Seria inexato, pela previsibilidade do personagem, atribuir a ele e ao escritor um exorcismo qualquer do passado. Esta é a sobra daquilo que se materializa, aquela sensação indefinível que volta, de uma transformação, de uma metamorfose. Como já se enfatizou, o maior trunfo de Quando a Sombra Descola do Chão é, sem deixar de ignorar o passado, não se deixar guiar por ele. O resultado disso é que os tradicionais modos de manipular alegorias e metáforas não são, em sua prosa, necessários. O cruzamento de significados existe, mas não por meio de símbolos fixos, e sim das associações livres de um personagem que, apesar de munido de um plano de vôo, parece não estar preocupado com um final, uma moral, um sentido, apenas com um campo de pouso que está em algum lugar. “(…) Para chegar onde eu quero chegar, coloco a proa numa direção totalmente outra, segundo uma rota imaginária que leva alhures, a um lugar que existe somente no magnetismo terrestre, nos cálculos e no vento. Não tenho outro modo de coincidir com meu destino.”

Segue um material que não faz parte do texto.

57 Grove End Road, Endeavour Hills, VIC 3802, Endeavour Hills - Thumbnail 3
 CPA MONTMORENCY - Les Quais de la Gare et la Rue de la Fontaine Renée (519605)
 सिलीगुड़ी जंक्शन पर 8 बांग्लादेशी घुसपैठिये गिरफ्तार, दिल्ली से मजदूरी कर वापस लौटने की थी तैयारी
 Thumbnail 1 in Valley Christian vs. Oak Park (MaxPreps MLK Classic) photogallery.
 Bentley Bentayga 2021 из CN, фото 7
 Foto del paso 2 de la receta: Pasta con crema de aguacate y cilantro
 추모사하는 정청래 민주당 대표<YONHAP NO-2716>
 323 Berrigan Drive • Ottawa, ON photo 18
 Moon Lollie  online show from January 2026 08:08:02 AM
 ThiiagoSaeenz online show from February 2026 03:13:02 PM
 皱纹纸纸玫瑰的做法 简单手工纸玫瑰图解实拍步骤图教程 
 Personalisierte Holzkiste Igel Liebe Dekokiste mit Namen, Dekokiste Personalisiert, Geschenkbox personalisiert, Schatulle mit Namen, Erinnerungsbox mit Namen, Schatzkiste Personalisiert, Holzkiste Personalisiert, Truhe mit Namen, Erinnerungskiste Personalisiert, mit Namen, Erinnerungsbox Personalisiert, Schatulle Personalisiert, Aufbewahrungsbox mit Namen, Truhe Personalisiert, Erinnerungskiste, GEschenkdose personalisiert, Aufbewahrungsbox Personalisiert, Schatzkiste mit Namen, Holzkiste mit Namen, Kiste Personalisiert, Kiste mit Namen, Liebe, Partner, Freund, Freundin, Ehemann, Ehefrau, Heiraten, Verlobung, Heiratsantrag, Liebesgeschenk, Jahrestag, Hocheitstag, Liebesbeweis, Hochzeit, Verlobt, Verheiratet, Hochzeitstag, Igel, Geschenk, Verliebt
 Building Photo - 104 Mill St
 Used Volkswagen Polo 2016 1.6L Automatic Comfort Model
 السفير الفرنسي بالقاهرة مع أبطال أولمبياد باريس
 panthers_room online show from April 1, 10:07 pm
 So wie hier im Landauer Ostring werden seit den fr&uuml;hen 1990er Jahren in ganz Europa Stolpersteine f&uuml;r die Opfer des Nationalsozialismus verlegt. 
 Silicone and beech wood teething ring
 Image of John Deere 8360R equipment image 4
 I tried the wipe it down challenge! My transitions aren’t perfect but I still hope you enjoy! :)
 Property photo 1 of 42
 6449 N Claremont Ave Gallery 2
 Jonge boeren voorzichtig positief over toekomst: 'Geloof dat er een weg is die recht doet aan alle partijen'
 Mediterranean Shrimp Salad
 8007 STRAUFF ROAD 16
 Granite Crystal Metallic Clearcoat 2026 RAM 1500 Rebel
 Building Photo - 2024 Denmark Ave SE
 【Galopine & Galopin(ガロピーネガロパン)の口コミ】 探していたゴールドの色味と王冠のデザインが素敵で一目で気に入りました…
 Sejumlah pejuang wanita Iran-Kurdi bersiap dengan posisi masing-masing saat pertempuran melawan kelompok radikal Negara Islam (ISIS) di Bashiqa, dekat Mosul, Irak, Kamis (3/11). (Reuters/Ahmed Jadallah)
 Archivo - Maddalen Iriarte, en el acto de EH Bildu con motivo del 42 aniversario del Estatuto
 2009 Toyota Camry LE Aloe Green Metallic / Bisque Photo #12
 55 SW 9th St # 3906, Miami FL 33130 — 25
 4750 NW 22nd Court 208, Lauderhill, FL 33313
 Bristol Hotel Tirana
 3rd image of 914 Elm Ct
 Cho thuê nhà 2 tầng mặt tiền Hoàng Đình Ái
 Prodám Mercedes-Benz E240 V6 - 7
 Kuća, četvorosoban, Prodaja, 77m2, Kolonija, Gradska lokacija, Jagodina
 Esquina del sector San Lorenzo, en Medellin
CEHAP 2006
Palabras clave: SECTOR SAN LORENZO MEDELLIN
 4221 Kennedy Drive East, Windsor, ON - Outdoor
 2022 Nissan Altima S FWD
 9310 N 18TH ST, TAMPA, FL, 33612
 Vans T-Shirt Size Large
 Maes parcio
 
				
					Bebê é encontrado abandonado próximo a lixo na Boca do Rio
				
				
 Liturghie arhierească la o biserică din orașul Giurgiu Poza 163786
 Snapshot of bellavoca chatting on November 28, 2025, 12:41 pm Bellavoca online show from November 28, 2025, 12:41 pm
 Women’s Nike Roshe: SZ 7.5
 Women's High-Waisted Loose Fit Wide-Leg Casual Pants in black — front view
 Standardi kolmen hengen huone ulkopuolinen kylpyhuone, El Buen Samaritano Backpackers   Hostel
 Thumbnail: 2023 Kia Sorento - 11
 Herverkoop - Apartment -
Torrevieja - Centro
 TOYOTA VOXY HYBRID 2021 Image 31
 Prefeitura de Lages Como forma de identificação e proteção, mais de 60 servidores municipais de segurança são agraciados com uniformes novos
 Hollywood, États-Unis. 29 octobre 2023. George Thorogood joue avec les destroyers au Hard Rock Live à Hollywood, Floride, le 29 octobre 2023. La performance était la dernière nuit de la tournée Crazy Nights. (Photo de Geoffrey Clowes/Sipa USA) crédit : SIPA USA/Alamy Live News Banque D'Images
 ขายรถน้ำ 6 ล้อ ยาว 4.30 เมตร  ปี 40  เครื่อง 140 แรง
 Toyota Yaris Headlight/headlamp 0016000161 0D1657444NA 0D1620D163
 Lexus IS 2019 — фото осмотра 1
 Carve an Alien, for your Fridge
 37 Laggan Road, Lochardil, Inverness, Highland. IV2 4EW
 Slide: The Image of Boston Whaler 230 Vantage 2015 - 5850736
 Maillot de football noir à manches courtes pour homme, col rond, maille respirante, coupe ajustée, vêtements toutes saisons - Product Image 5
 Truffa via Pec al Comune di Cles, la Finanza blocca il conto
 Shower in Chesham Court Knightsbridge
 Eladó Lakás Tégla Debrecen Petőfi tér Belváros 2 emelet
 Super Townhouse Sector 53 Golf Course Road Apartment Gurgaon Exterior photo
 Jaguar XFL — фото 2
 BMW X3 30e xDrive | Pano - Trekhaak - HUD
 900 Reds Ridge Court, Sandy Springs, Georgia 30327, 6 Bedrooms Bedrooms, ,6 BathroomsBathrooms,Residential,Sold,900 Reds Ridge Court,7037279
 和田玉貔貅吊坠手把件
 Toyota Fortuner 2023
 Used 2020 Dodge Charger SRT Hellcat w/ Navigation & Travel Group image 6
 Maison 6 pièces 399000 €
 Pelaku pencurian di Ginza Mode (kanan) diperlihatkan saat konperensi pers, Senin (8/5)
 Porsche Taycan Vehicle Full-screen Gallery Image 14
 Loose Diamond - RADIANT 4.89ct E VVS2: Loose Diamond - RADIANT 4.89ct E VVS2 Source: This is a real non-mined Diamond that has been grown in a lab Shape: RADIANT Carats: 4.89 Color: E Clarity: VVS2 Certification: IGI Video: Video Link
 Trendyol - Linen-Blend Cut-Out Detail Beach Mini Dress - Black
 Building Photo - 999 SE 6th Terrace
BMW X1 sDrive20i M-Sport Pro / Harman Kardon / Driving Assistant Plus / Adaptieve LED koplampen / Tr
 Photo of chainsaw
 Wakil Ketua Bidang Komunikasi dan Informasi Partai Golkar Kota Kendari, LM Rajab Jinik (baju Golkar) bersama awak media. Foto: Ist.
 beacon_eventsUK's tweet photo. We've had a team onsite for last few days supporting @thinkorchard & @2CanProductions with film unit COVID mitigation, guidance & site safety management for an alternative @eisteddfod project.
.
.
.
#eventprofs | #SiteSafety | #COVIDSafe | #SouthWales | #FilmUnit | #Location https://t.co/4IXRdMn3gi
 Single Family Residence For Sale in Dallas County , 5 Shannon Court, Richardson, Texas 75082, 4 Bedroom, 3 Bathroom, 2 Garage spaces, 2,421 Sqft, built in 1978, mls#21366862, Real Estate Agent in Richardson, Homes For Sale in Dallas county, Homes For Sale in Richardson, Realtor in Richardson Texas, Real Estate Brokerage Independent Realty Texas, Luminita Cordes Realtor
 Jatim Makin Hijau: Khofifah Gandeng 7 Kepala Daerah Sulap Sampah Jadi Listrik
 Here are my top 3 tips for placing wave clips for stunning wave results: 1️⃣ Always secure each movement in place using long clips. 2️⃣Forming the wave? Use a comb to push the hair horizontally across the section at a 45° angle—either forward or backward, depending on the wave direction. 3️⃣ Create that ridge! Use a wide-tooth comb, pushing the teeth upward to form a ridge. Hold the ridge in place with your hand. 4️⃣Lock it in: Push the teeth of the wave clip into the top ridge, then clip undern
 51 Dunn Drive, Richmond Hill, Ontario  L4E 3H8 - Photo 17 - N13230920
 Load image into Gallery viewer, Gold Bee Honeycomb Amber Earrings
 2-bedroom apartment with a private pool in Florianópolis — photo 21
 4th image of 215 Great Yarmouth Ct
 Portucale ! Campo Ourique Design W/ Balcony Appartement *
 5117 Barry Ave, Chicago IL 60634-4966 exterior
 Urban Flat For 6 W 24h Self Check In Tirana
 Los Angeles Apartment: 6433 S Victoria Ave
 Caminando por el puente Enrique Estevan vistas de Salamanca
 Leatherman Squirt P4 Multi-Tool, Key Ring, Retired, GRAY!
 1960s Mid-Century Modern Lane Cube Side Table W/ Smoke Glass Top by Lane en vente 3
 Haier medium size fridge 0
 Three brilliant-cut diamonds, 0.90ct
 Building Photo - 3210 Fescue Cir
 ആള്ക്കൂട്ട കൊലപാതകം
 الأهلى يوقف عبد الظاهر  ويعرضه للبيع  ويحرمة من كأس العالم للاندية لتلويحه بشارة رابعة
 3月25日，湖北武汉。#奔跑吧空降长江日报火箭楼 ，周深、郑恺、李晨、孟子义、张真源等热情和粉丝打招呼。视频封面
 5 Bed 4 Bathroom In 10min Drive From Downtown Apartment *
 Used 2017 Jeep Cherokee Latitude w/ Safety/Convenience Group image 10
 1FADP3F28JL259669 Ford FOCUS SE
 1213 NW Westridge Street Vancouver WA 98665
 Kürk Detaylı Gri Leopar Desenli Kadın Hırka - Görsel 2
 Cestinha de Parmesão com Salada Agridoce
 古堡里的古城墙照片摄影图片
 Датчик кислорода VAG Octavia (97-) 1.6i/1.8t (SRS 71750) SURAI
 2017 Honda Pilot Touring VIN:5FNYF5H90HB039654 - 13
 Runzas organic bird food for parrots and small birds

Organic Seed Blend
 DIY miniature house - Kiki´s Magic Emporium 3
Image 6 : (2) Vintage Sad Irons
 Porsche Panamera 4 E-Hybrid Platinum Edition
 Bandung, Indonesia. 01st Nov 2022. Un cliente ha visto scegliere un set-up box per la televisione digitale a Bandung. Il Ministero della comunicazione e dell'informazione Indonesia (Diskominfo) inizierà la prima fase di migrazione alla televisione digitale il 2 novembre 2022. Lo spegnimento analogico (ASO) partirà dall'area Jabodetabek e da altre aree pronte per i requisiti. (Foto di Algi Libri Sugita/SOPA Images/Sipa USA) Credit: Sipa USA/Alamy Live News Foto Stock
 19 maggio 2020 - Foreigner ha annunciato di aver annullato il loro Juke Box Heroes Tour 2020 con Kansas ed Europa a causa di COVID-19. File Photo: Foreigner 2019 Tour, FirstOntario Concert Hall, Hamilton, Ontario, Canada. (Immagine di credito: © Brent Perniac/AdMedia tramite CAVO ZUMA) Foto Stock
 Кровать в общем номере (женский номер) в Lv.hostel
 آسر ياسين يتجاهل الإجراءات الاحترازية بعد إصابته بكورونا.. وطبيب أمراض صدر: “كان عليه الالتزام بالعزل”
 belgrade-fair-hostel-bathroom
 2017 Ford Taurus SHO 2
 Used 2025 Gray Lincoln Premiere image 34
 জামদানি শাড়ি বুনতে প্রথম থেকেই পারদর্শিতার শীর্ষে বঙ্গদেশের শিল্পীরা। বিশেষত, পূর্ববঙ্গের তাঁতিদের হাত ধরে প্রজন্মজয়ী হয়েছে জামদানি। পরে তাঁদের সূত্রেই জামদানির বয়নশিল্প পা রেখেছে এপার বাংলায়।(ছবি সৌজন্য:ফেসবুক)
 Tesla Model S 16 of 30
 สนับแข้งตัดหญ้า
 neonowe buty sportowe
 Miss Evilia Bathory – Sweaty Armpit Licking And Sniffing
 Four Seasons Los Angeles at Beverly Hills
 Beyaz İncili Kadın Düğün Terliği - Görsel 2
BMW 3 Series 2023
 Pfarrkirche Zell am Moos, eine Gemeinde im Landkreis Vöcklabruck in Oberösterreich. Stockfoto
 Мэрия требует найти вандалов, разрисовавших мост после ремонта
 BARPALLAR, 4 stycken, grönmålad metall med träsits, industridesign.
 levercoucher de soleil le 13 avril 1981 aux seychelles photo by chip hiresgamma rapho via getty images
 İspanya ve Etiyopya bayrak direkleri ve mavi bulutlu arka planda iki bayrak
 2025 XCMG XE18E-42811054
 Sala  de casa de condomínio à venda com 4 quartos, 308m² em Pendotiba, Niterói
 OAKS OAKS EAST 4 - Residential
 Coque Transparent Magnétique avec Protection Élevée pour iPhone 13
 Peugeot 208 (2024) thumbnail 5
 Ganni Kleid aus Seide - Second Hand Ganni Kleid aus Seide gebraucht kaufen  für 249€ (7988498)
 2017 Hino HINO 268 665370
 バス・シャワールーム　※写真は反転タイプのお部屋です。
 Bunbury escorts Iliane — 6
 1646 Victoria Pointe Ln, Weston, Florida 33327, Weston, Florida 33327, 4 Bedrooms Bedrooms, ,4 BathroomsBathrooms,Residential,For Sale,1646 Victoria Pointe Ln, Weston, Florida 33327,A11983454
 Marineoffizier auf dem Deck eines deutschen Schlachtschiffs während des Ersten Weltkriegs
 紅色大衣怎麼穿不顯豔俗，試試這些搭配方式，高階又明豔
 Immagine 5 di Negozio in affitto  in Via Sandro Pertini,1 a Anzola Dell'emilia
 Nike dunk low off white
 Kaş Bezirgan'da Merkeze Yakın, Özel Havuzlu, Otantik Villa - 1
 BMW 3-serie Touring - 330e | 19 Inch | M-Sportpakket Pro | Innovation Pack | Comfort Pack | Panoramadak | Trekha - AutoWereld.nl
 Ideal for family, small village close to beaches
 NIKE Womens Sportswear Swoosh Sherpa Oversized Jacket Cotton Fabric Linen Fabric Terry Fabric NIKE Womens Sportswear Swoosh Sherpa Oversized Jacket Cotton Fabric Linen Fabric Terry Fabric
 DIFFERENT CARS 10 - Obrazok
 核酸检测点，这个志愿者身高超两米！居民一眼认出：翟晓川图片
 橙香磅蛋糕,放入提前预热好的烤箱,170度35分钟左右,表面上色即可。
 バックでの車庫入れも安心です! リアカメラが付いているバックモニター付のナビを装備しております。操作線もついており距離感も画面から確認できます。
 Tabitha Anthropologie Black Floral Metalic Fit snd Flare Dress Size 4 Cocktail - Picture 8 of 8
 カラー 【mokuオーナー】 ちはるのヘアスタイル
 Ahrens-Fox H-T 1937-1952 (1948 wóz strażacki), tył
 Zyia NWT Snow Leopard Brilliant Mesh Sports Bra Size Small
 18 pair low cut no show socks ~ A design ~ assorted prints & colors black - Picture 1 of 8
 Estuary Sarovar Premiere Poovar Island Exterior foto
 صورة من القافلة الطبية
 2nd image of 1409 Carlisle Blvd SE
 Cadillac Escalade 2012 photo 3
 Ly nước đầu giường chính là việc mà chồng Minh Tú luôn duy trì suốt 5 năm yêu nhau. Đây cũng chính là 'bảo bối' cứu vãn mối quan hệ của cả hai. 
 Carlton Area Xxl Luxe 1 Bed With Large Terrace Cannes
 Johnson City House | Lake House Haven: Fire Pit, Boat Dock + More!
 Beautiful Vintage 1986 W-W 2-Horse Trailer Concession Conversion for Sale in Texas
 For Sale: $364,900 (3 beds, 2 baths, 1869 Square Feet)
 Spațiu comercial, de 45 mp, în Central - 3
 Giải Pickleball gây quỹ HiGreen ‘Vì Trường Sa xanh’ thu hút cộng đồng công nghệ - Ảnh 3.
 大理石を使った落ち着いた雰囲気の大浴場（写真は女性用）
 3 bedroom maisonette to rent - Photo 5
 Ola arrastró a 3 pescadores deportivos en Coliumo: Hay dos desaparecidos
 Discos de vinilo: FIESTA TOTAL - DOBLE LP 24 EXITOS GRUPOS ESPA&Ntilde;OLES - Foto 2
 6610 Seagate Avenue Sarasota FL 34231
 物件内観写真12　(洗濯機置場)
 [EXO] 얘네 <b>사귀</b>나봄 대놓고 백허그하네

No fim, é esse destino que é interrogado. A identificação piloto-escritor, sugerida durante todo o tempo, se revelará literal no último conto, Dupla Decolagem ao Amanhecer, em que narrador e instrutor, ao longo da costa toscana em direção à Alghero, especulam, cada um em sua própria solidão, o que teria acontecido naquele dia 31 de julho de 1944, quando o P 38 Lightning de Antoine de Saint-Exupéry não mais voltou depois de uma decolagem. “Para além dos aviões, da correspondência e da guerra, seus livros são uma meditação sobre a possibilidade de um Humanismo em pleno século 20, a contestação de um coletivismo como pura soma aritmética das individualidades, uma busca metafísica do Ser na solidariedade com todos os outros”, diz o piloto-escritor Del Giudice. “Ao pôr-do-sol”, encerra, “depois da aterragem, daremos passos longos e elásticos para relaxar dos esforços do comando. Sorriremos, novamente reunidos a nossa sombra.”